About this exercise:
Output everything in the data exactly, leaving the pictures out.

Data block:
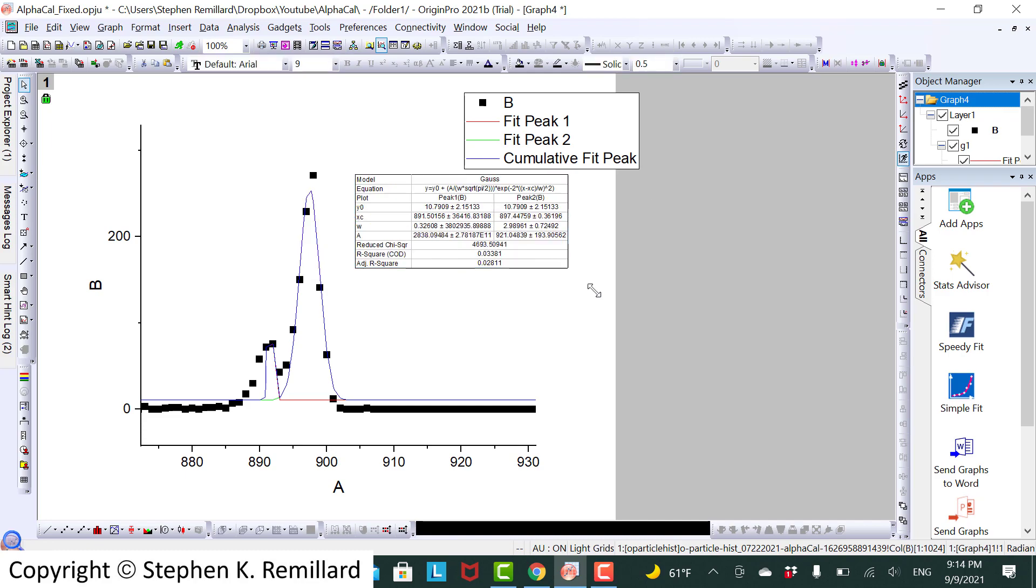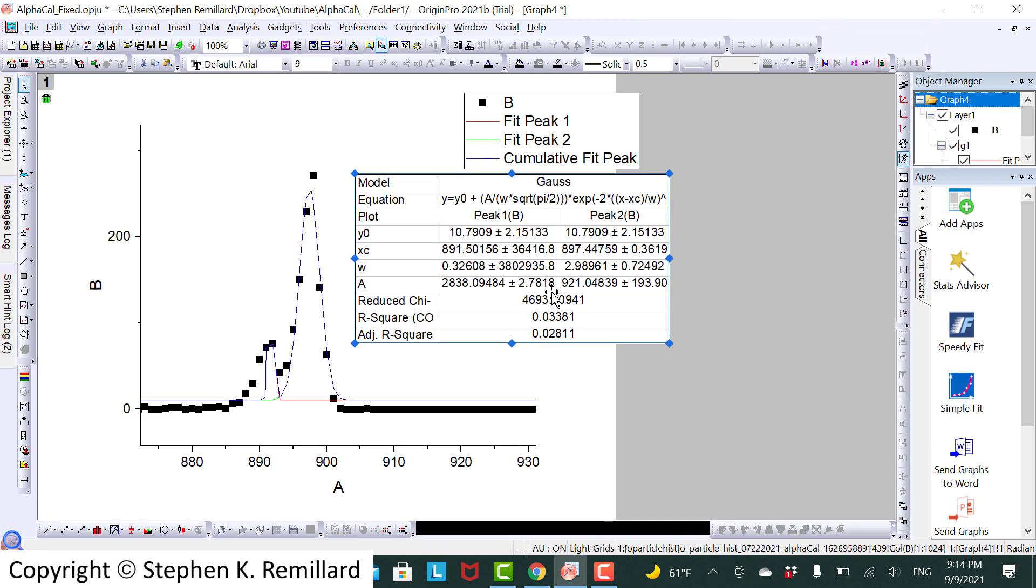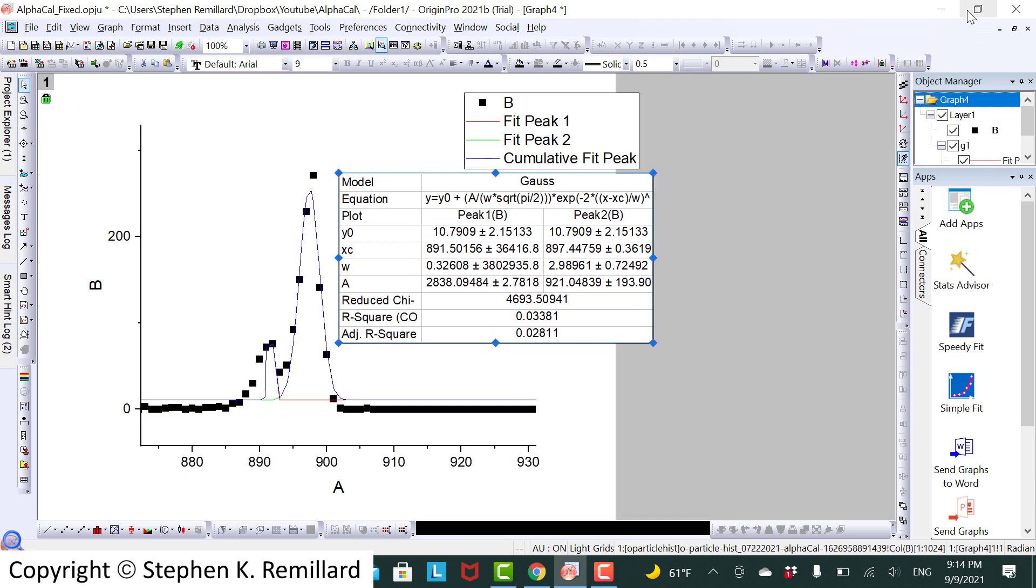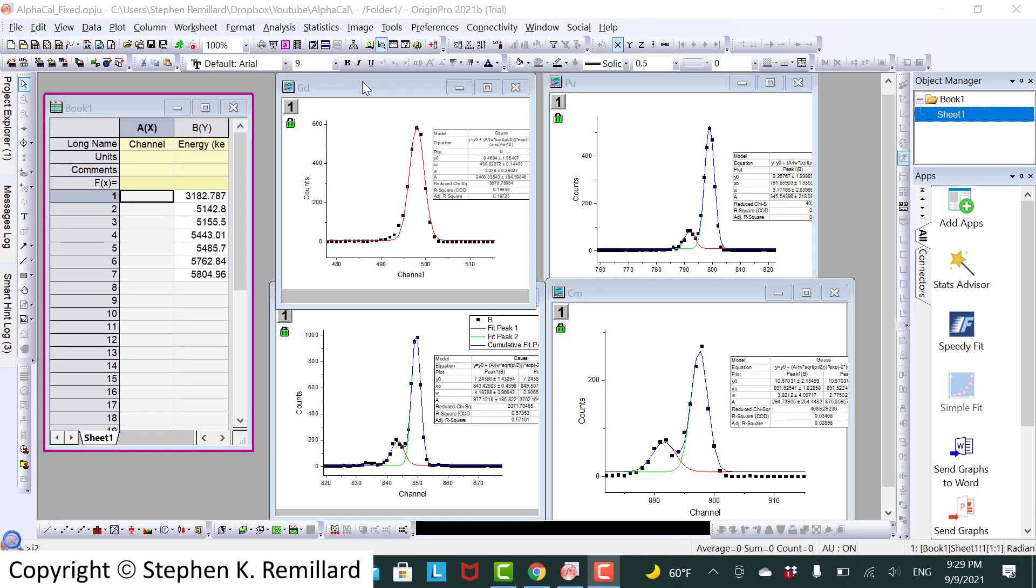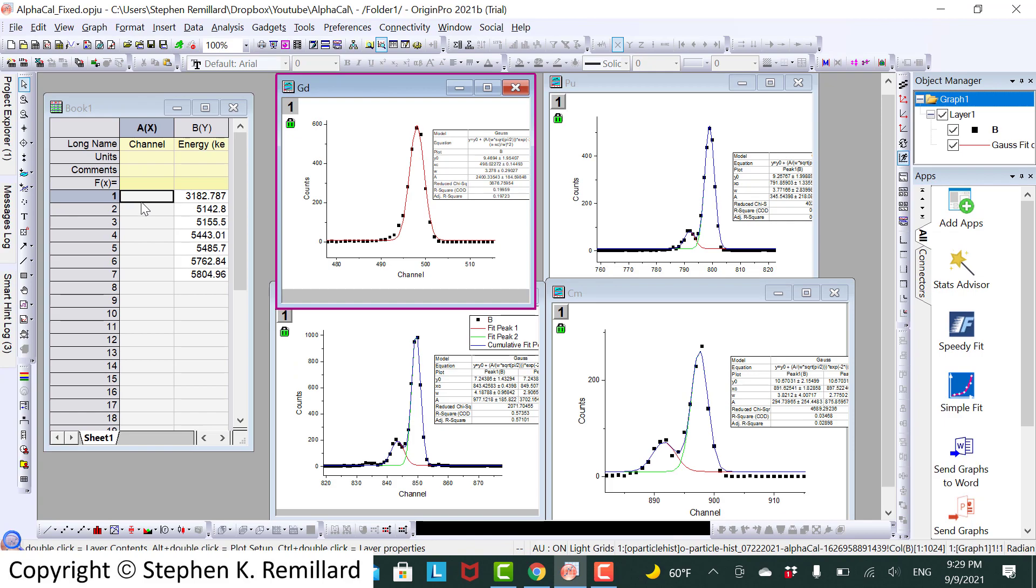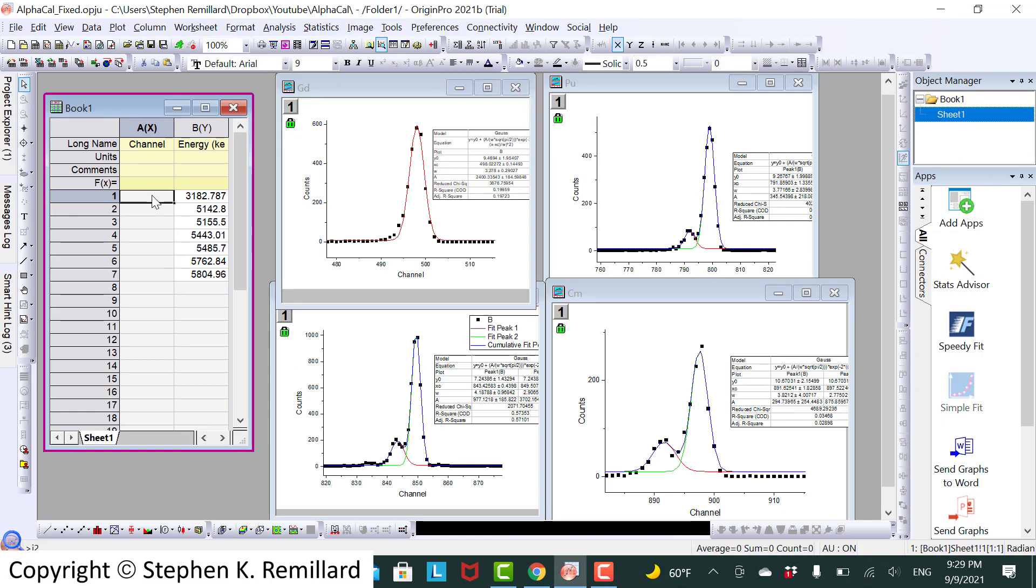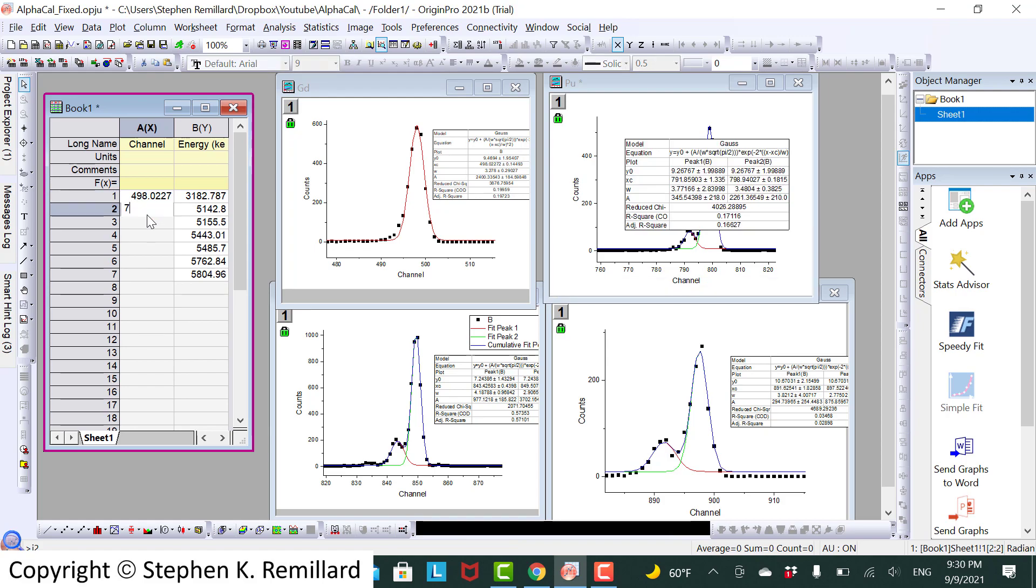And we can put all of these into a spreadsheet where we have the independent variable is the channel number. The dependent variable is the energy from our calibration certification. We'll put in the channels for each of these. The gadolinium peak was at channel 498.0227.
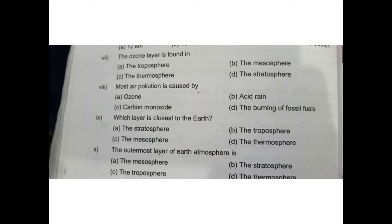Next question: most air pollution is caused by — ozone, acid rain, carbon monoxide, or burning of fossil fuels? Most air pollution is caused by burning of fossil fuels. Which layer is closest to the Earth? Obviously the first layer, which is the troposphere, is closest to the Earth. The outermost layer of Earth's atmosphere is the thermosphere.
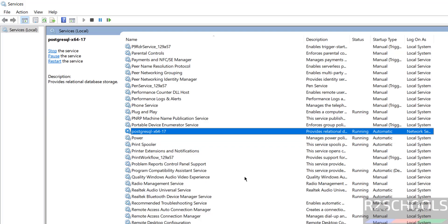So in this video, we have seen how to download, install and configure PostgreSQL on Windows operating system. Then we have seen how to connect to PostgreSQL by using psql shell, pgAdmin and DBeaver. For more PostgreSQL tutorials, please subscribe to my channel. Thank you.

Solution below:
And we can put all of these into a spreadsheet where we have the independent variable is the channel number. The dependent variable is the energy from our calibration certification. We'll put in the channels for each of these. The gadolinium peak was at channel 498.0227.
Next question: most air pollution is caused by — ozone, acid rain, carbon monoxide, or burning of fossil fuels? Most air pollution is caused by burning of fossil fuels. Which layer is closest to the Earth? Obviously the first layer, which is the troposphere, is closest to the Earth. The outermost layer of Earth's atmosphere is the thermosphere.
So in this video, we have seen how to download, install and configure PostgreSQL on Windows operating system. Then we have seen how to connect to PostgreSQL by using psql shell, pgAdmin and DBeaver. For more PostgreSQL tutorials, please subscribe to my channel. Thank you.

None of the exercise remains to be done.